Re: Concise term for non-ASCII Unicode characters

From: Daniel Bünzli <daniel.buenzli_at_erratique.ch>
Date: Tue, 29 Sep 2015 19:02:54 +0100

Le mardi, 29 septembre 2015 à 18:30, Sean Leonard a écrit :
> Uh...I think you mean U+007F? :)

Yes… see how it was easy to point out that the definition was wrong. It would also have been, if this was code and we were talking about a protocol whose specification was using this notation rather than a new Unicode concept.

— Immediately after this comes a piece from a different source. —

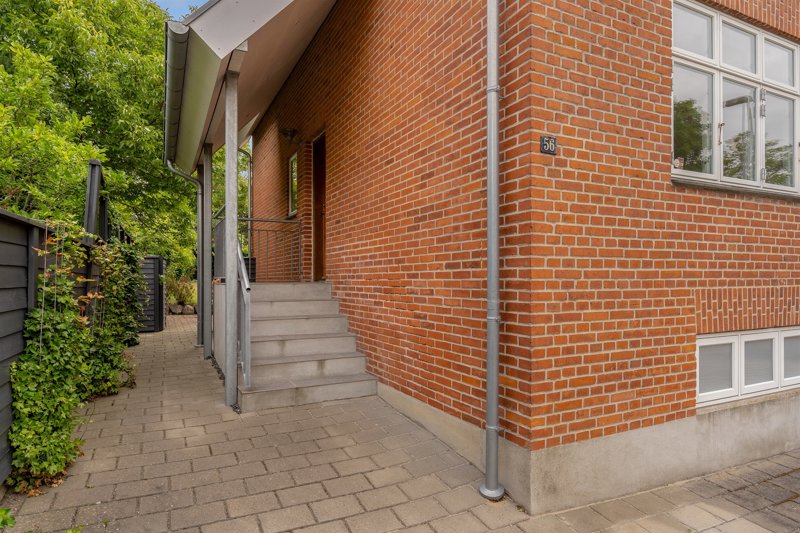 Property image number 3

> Perhaps it's because I'm writing to the Unicode crowd, but honestly
> there are a lot of very intelligent software engineers/standards folks
> who do not have the "basic knowledge of the Unicode standard" that is
> being presumed. They want to focus on other parts of their systems or
> protocols, and when it comes to the "text part", they just hand-wave and
> say "Unicode!" and call it a day.

Introducing more terminology and jargon is not going to help in this case. Make the definitions as obvious as possible and strive for minimality in the exposed concepts.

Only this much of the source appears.